Он бегло проверил ее знание французского, английского и немецкого. Остался весьма доволен, и против соответствующей графы собственноручно подтвердил: знание трех языков отличное. В дальнейшей беседе он, уже вполне деловым тоном, посулил Кате быстрое повышение по должностным ступеням, интереснейшую жизнь, как он дословно выразился, «у самой плиты дипломатической кухни», и подчеркнул государственную важность Катиной работы под его непосредственным Поливановским руководством, присовокупив, что саботаж интеллигенции все еще создает большие помехи в работе наркомата. Спросил, нет ли у Кати знакомых молодых людей, лояльных к большевистскому руководству и готовых пойти на работу в Наркоминдел.
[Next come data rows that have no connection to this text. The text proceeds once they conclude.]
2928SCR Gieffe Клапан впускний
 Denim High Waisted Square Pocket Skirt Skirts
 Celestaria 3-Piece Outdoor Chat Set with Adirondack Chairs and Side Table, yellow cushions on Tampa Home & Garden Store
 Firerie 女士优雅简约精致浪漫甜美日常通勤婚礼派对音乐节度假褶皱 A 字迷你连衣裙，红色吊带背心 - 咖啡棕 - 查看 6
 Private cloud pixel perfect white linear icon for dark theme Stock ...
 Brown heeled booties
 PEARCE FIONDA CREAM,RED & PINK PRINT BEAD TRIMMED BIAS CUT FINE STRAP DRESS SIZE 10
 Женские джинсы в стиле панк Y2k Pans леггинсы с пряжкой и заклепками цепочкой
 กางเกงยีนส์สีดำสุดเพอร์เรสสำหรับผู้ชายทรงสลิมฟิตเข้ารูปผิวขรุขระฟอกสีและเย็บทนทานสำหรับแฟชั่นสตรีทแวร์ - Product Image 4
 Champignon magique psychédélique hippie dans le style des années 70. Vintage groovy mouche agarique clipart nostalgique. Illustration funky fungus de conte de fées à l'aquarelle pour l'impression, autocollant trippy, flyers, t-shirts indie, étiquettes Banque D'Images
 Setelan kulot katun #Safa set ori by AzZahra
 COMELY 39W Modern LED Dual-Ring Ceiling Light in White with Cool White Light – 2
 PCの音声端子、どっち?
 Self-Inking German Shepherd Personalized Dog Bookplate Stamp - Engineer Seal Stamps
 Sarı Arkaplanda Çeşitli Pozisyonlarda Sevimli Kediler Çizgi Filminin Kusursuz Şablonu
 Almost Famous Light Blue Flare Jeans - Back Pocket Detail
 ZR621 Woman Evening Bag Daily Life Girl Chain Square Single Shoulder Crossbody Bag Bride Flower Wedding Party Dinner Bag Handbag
Так как еще при вступлении в новую должность Катя упоминала о своем близком знакомстве с Валентином Кестнером, Поливанов расспросил и о нем, проявив немалую проницательность насчет Катиного отношения к этому товарищу. Поливанов сделал вид, что вполне осведомлен о заданиях, выполняемых Кестнером в Японии, и заметил, что в Токио ему сейчас нелегко приходится, ибо его родной брат Валерий враждебно относится к большевикам, равно как и весь штат русского посольства в японской столице. Все они продолжают считать свергнутое временное правительство единственной законной властью в России...
— Впрочем, — закончил он беседу с Катей, — Валентин Кестнер — человек не только хорошо знающий Японию, но и весьма надежный товарищ. Советское правительство ему полностью доверяет. Скоро он вернется в Петроград.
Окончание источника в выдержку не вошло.